At the time, I was completing my how-to book on writing, The Novel Project, in which I’d tackled this problem. One suggestion I offered was: Keep a list of ideas and look to combine two or more of them. A single idea is unlikely to be original, but a combination of two is less likely to have been used before. I had the list, but nothing spoke to me. So I focused on the point of difference: this was to be an audio book, and my writing should somehow reflect that. I held that thought for a few weeks, coming back to it almost every day, knowing that if I worked hard at a problem, then let it incubate, my subconscious would eventually step up.

It duly did, with what turned out to be a pretty terrible idea. But you can’t expect a new idea to be as strong as something old that’s been worked and refined. You have to give it a chance—play with it, see the possibilities, do that working and refining.

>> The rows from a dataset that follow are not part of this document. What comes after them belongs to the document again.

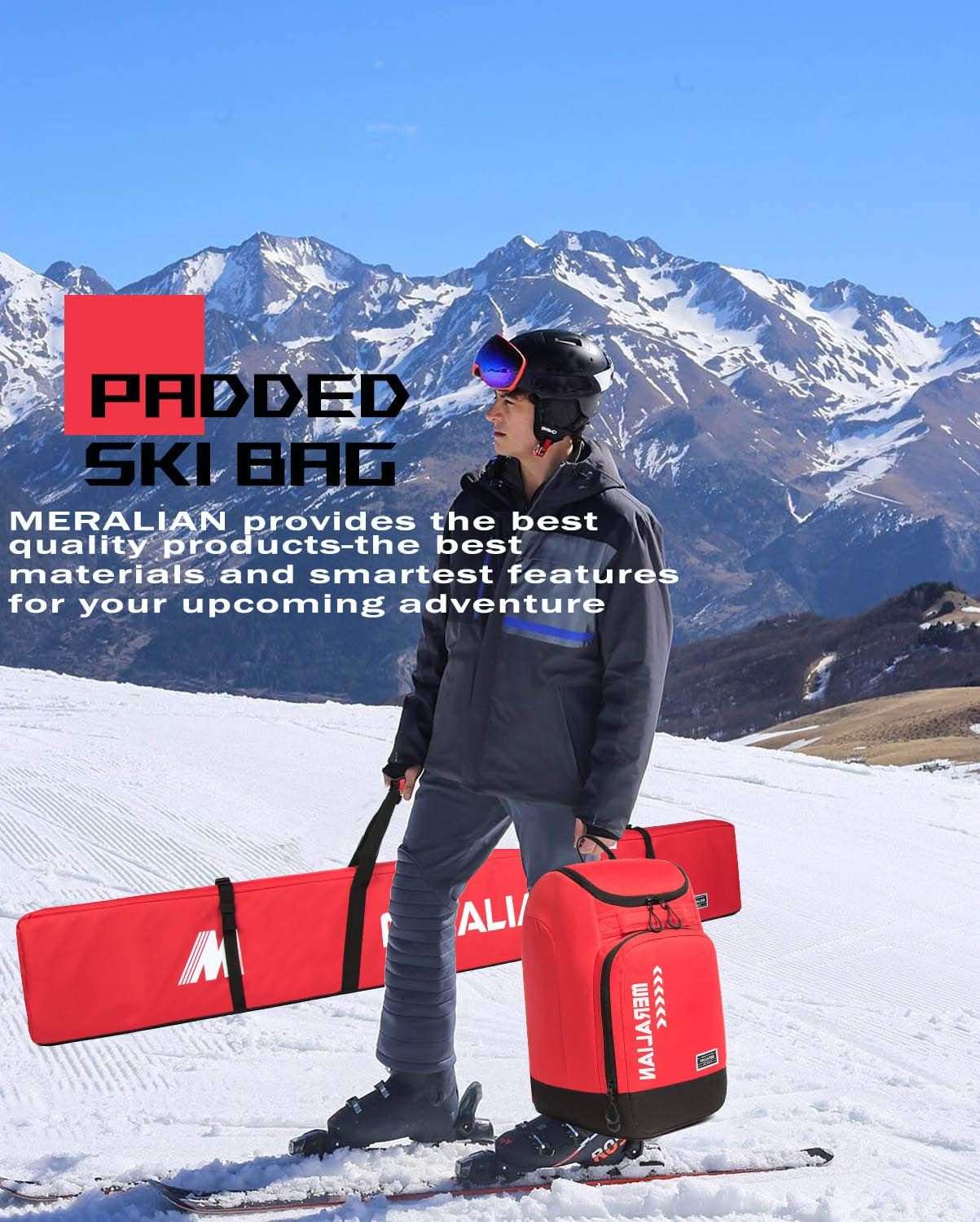 Padded Ski Bag,Waterproof Full Padded Single Ski Travel Bag with Adjustable Shoulder Strap. - 7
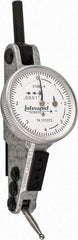 INTERAPID - 0.016 Inch Range, 0.0001 Inch Dial Graduation, Horizontal Dial Test Indicator - 1.2 Inch White Dial, 0-4-0 Dial Reading - USA Tool & Supply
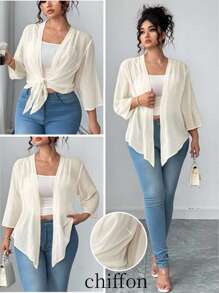 Elenzga 大码女式精致优雅梭织七分袖雪纺灰褐色修身夹克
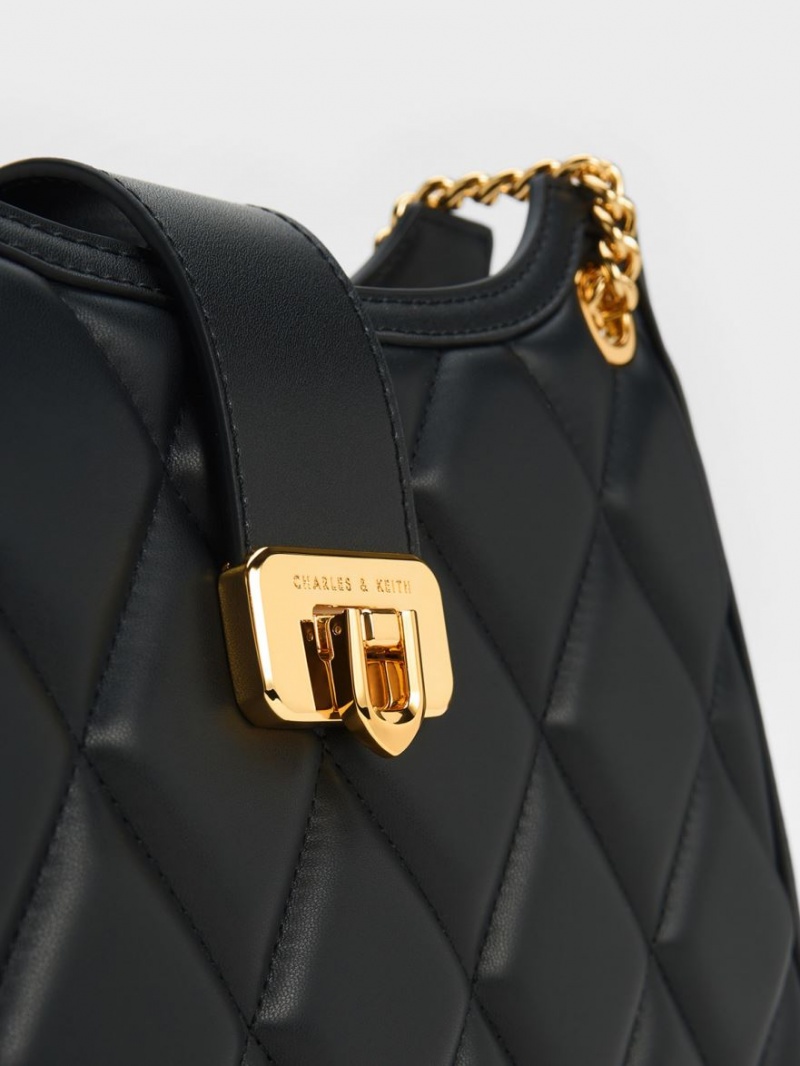 Charles And Keith Cressida Quilted Trapeze Chain Shoulder Bags Black | PHILIPPINES Z843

That pretty terrible idea was to write a story that mimicked the meters of the songs on an album: one chapter per track. Growing up the era of LPs, I thought of an album as having two sides, which suggested that the book could be in two parts. But I frequently use a conventional three-act structure which actually breaks a story into four parts of roughly equal length (Act 2 is split into 2a and 2b, divided by the midpoint). The musical equivalent would be a four-sided album: a double album, which would also give me more tracks to work with. (Well, one musical equivalent: if I’d gone for a symphony in four movements, the story from here would be quite different).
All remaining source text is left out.